### [Given data]
=== Begin Enclosure ===

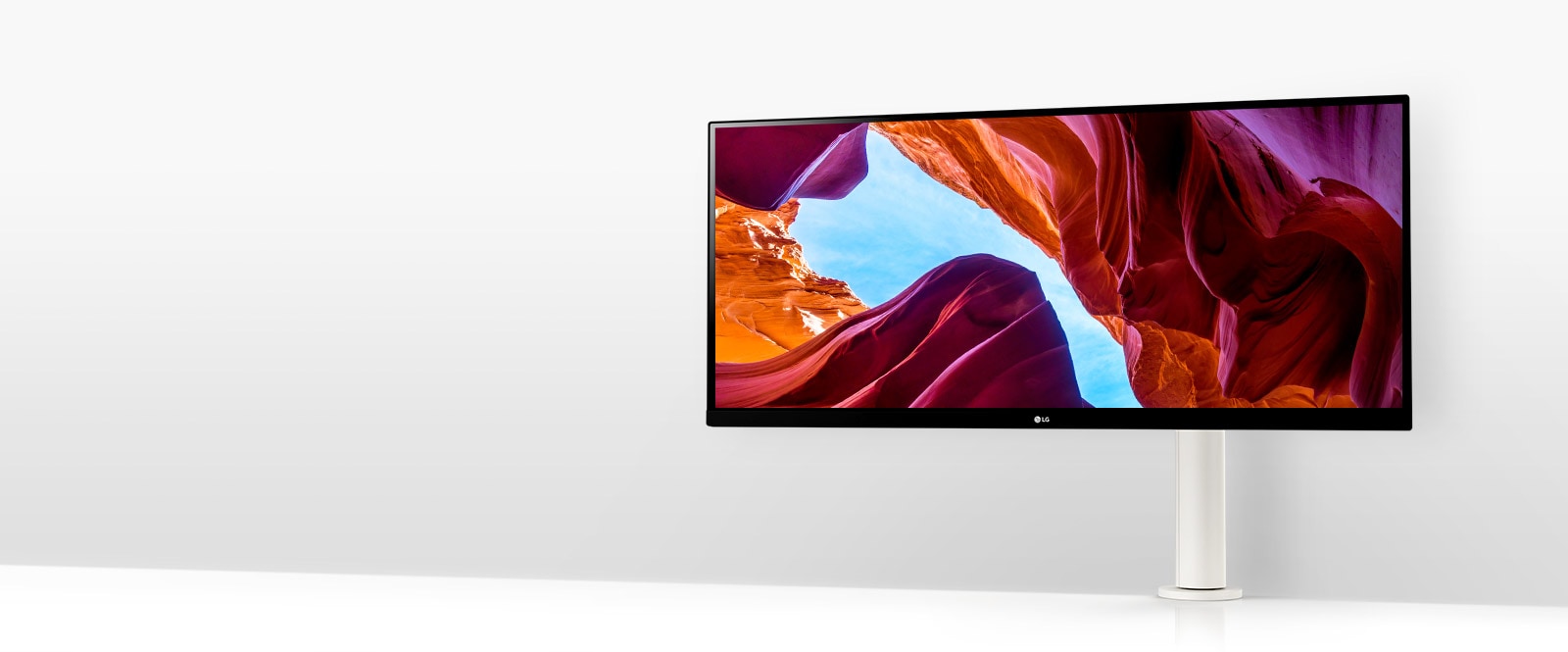 L’écran IPS de LG prend en charge un large spectre de couleurs, 99 % de la gamme de couleurs sRGB et offre une reproduction des couleurs et une luminosité éclatantes avec la prise en charge deVESA DisplayHDR™400.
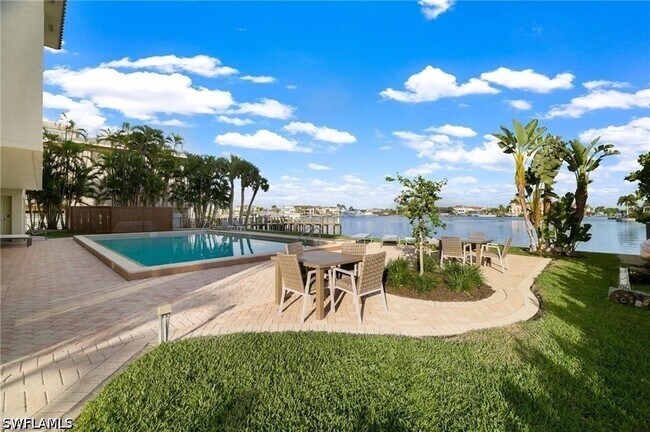 Building Photo - 9486 Gulf Shore Dr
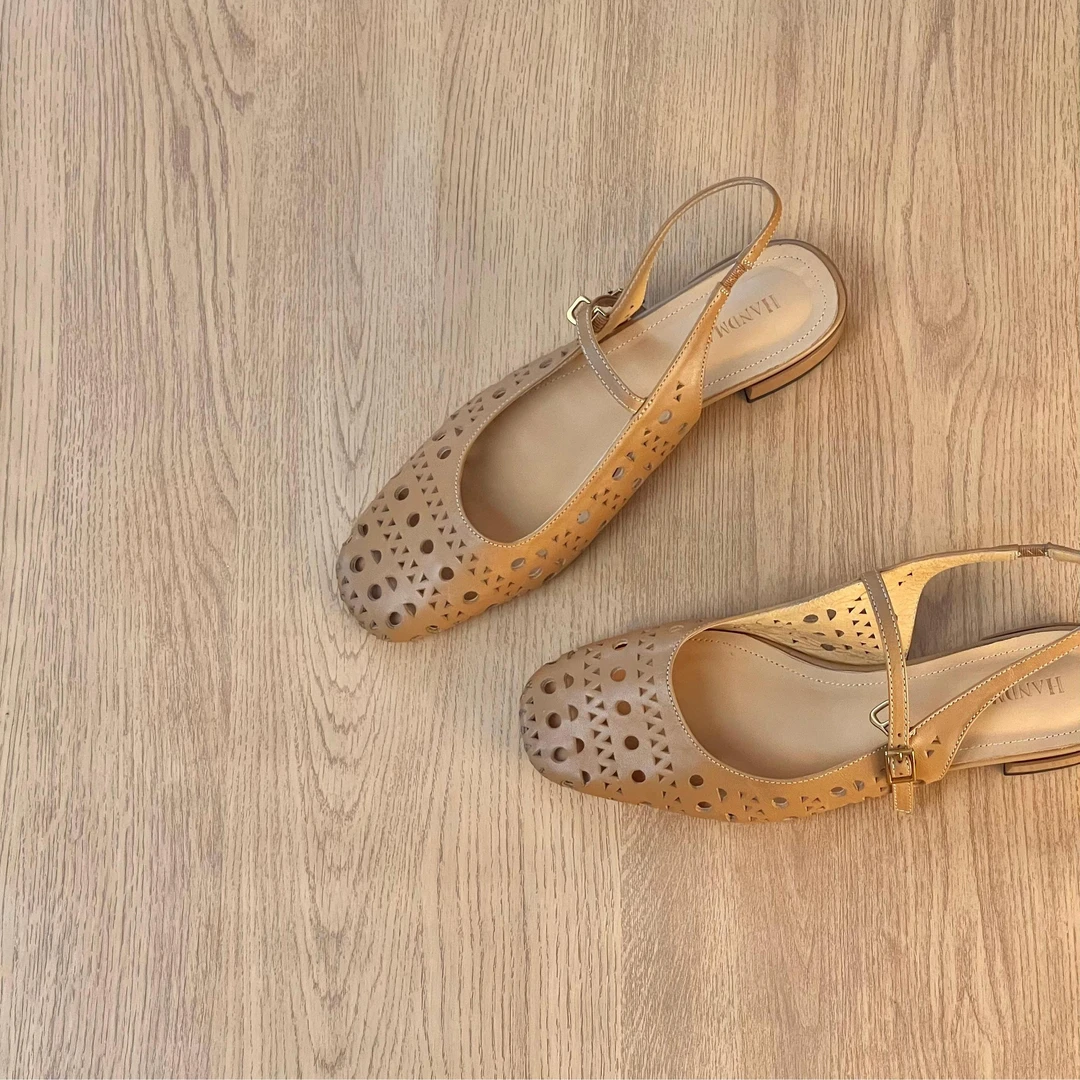 HUSSLOVE 头层牛皮·跟高2.5CM·时尚百搭通勤方头一字带洞洞凉鞋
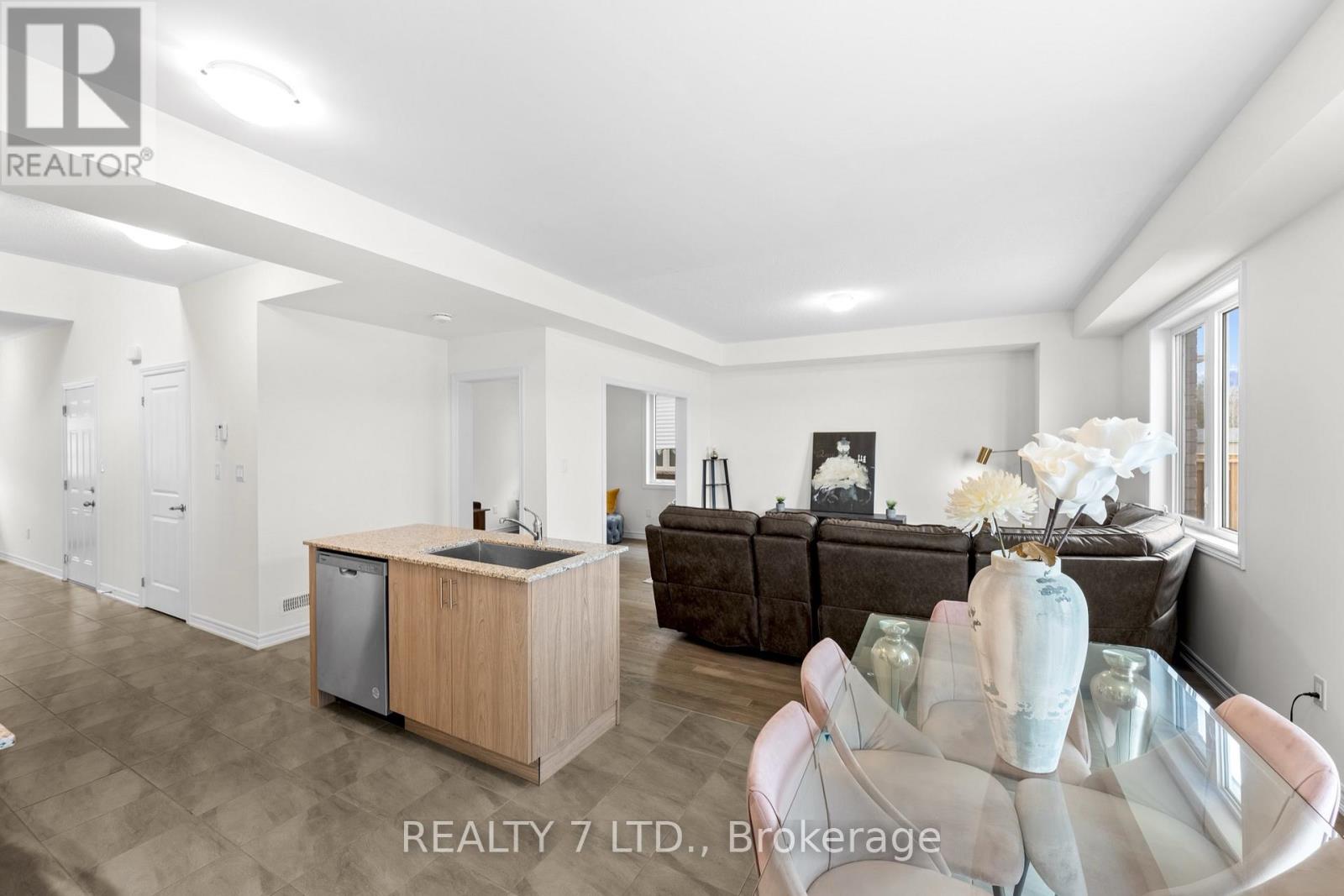 32 Hillcroft Way, Kawartha Lakes, Ontario  K0M 1A0 - Photo 12 - X12965302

=== End Enclosure ===

### [What you will do]
An exact copy of the lines above, from the first through the line that holds "Building Photo - 9486 Gulf Shore Dr", is what is needed; leave the pictures out.

### [Result of this exercise]
 L’écran IPS de LG prend en charge un large spectre de couleurs, 99 % de la gamme de couleurs sRGB et offre une reproduction des couleurs et une luminosité éclatantes avec la prise en charge deVESA DisplayHDR™400.
 Building Photo - 9486 Gulf Shore Dr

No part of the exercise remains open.